Category Archives: What Stopped The 2008 Crash?

What Stopped The 2008 Crash?

The One Lesson To Learn Before A Market Crash

Tyler Durden's picture

Submitted by Tyler Durden on 07/13/2015

Submitted by Jim Quinn via The Burning Platform blog,

Greece is saved!!! I mean BANKERS are saved!!! The market will celebrate the total capitulation of Greece to the EU bankers. Nothing has been resolved. The debt won’t be repaid. The can has been kicked again. Portugal, Spain, Italy, Ireland and even France are essentially insolvent. It’s all a ponzi scheme. The bankers win and the people lose. Hope is not a strategy. Hussman’s weekly tome shows how a crisis plays out. Bad shit happens and the powers that be react with bad solutions that keep their wealth and power protected. Their bad solutions lead to a worse crisis. More bad solutions. And so on, until complete collapse.

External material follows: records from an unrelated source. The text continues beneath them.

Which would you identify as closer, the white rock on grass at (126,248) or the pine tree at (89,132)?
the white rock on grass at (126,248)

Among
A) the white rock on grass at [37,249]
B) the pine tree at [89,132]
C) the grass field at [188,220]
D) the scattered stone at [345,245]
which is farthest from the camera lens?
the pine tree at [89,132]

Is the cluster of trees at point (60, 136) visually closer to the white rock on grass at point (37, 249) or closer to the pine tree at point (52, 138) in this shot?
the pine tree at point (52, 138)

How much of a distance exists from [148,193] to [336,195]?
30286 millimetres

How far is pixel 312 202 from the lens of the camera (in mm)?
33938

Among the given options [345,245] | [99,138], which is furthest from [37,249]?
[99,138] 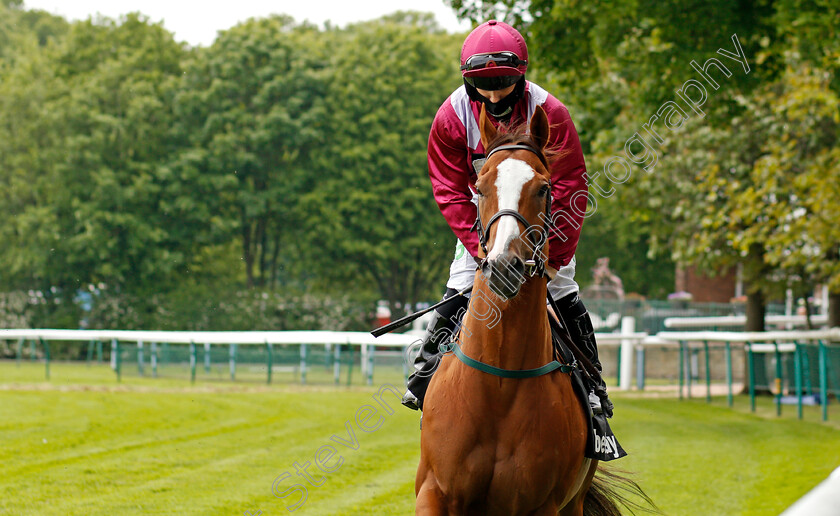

Look back to the 2007-2009 market collapse, and you’ll notice something. Despite repeated monetary and fiscal interventions, a positive shift in market internals didn’t happen until March-April 2009. In hindsight, it was none of those interventions that produced the shift, but instead the change in accounting rule FAS 157 in the second week of March 2009 that finally ended the collapse. That accounting change eliminated the “mark-to-market” rule that had required banks to report the value of their assets at market value, and instead allowed banks considerable discretion to choose the value at which those assets were reported. With the stroke of a pen, banks that were insolvent on a mark-to-market basis became whole on a mark-to-model basis. In hindsight, regulatory authorities used that change to abandon any further action that might have put those insolvent banks and financial institutions into receivership or conservatorship. In the end, it was not monetary easing, nor troubled-asset relief, that ended the collapse. It was a change in accounting rules.

 

A similar failure of memory seems to prevail when the media incorrectly suggests that the collapse of the market in 2008 began with the Lehman bankruptcy on September 15. The fact is that the market fully recovered to even higher levels the following week as the government banned short selling of financial stocks (much like China is doing more broadly at present). Weeks later, in a wicked case of “sell the news,” the actual collapse started literally 15 seconds after the TARP bailout was passed by Congress. Investors want to tie market outcomes to very specific events or catalysts. But history suggests a different lesson: once extreme valuations are joined by a shift toward risk-aversion among investors, the specific events become irrelevant. One way or another, the market is likely to get hit by a truck.

 

In October 2008, as the global financial crisis was in full force, Robert Prechter of EWT published a very instructive graphic illustrating how the accumulating market losses were descending along a “slope of hope” (the corollary to bull markets climbing a so-called “wall of worry”) despite repeated official interventions. Notice that aside from very short-term rallies following various interventions, the market kept collapsing. We encourage investors to learn from this now.

 

The S&P 500 would ultimately plunge below 700 by March 2009. Importantly, investors who “followed the Fed” during the 2007-2009 collapse would have done so through the 55% loss in the S&P 500, because the Fed began easing weeks before the 2007 peak, and kept easing all the way down. As in every other market cycle across history, it was far better to follow the condition of investor risk-preferences directly.

 

 

Don’t make the mistake of getting the relationship between monetary interventions and the risk-preferences of investors backwards. Monetary easing and other interventions can be very effective when they occur against a backdrop of risk-seeking investor preferences, but history shows that they regularly fail when they occur against a backdrop of risk-aversion among investors. The best measure of investor risk preferences is the uniformity or divergence of market internals across a broad range of risk-sensitive securities. Prechter describes the prevailing psychology of investors with the term “socioeconomic orientation,” and his observations on this, I think, are exactly correct:

 

“People keep asking, ‘What effect will the next central-bank plan have on the stock market’s behavior?’ This is the wrong question. The socioeconomic orientation turns the question around: ‘What effect will the next stock market move have on the central bank’s behavior?’Just study [the chart above] and you can see that the authorities are not pushing the stock market around; the stock market is pushing the authorities around. Sadly, when markets push authorities around, authorities push people around. All it does is make things worse.”